=== Task to carry out ===
Which lines of the records contain the word "Frame"? Copy each one.

=== Source data ===

- - - - - - -

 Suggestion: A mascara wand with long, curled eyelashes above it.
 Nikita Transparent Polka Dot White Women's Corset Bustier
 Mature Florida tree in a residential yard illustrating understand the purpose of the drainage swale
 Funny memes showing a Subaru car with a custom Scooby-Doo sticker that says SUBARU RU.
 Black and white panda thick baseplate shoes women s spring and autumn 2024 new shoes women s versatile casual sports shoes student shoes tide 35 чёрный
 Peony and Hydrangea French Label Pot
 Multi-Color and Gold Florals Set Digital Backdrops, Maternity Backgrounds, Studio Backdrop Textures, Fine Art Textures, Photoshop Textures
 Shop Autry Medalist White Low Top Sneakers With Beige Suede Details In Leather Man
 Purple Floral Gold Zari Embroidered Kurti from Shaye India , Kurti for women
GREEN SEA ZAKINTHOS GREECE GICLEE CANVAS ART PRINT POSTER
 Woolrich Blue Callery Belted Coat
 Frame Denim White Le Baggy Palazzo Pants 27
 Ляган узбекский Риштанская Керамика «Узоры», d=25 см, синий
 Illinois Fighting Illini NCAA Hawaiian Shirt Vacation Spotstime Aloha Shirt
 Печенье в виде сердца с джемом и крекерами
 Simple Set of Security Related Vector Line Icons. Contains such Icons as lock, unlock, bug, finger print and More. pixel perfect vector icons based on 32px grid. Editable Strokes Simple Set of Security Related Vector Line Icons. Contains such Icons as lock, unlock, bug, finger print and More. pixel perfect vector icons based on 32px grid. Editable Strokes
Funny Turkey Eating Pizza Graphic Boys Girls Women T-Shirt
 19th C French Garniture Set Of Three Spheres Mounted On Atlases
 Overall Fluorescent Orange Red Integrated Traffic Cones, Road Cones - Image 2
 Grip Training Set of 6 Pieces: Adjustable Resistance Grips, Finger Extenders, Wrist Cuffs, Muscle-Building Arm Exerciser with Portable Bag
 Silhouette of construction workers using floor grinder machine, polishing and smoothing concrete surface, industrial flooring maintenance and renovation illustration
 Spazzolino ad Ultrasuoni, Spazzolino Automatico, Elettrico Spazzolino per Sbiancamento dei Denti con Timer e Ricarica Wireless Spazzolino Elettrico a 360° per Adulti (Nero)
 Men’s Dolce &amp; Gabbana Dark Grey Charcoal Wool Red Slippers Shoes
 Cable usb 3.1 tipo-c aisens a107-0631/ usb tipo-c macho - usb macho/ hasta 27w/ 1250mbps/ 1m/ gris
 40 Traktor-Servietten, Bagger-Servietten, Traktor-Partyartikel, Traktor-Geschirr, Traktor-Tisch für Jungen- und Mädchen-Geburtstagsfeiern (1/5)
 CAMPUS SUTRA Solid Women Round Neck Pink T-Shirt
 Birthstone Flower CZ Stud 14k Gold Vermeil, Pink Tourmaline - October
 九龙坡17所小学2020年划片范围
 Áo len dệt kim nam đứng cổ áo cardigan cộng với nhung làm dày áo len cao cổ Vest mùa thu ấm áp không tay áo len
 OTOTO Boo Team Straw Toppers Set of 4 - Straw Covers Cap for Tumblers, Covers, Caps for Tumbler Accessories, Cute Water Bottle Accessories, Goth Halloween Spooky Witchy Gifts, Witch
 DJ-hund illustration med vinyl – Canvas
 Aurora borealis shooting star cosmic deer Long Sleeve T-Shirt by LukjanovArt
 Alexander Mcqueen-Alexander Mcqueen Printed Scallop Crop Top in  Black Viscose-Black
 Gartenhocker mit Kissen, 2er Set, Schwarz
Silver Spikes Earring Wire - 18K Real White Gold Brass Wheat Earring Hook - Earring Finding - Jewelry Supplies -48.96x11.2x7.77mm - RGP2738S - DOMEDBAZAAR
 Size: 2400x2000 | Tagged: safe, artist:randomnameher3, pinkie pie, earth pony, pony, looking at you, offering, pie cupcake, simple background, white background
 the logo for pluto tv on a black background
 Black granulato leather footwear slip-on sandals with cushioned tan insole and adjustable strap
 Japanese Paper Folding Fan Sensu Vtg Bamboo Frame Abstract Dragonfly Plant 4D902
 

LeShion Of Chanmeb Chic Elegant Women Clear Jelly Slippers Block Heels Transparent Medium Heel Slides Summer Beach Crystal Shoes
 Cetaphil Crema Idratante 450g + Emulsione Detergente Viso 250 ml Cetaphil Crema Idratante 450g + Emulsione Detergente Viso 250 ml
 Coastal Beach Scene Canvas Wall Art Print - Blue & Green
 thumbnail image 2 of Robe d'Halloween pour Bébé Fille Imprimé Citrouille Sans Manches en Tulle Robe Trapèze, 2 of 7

- - - - - - -

=== Output of the task ===
 Frame Denim White Le Baggy Palazzo Pants 27
 Japanese Paper Folding Fan Sensu Vtg Bamboo Frame Abstract Dragonfly Plant 4D902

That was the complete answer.